**Material shown:**
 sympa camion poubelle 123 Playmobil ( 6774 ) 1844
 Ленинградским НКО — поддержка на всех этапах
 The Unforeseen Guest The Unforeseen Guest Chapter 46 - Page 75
* * *
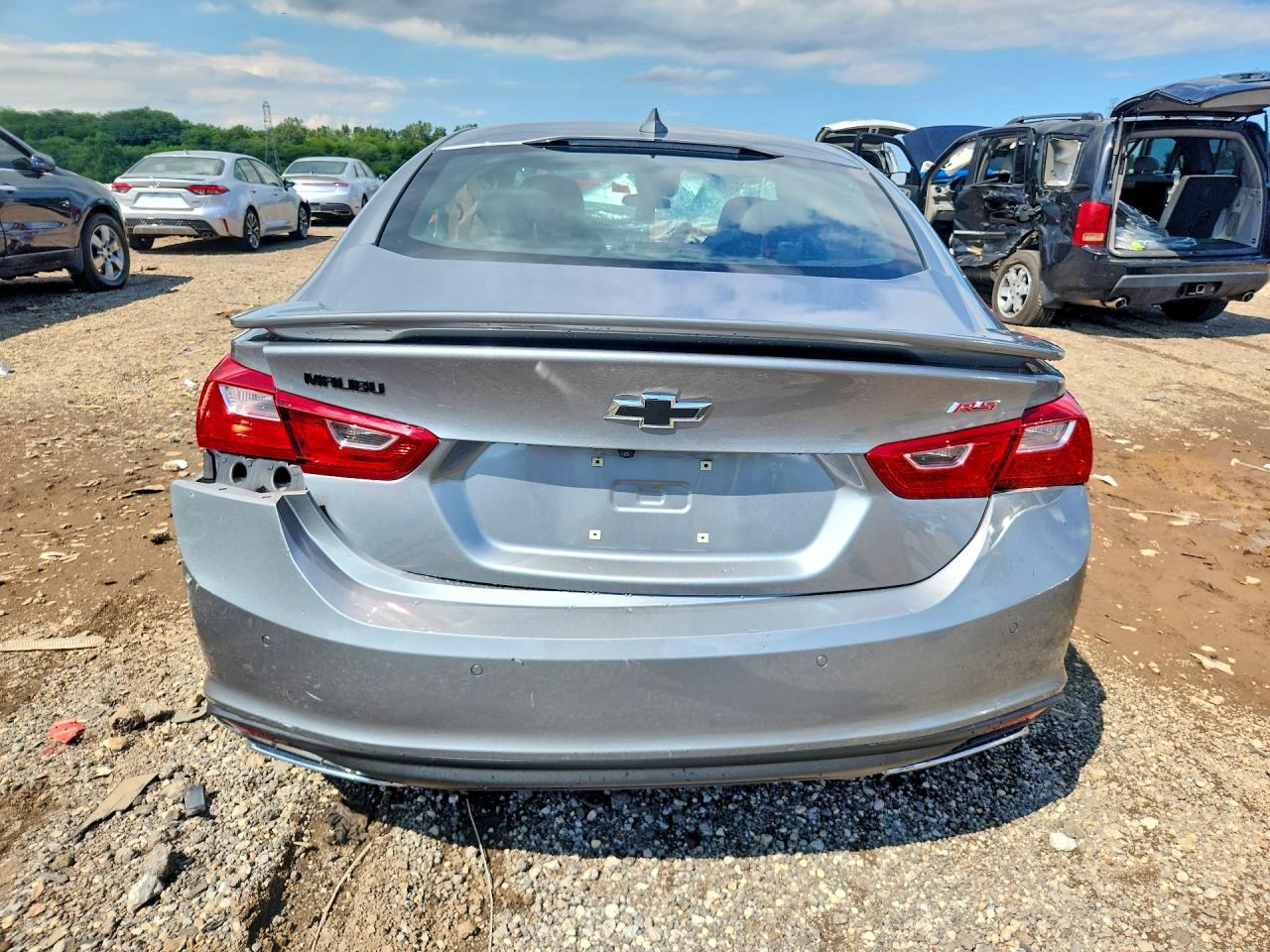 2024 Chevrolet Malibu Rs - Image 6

**Task prompt:**
Copy the lines above exactly, beginning at the line that has "Ленинградским НКО — поддержка на всех этапах" and stopping after the line that has "The Unforeseen Guest The", and omit the rest.

**Final answer:**
 Ленинградским НКО — поддержка на всех этапах
 The Unforeseen Guest The Unforeseen Guest Chapter 46 - Page 75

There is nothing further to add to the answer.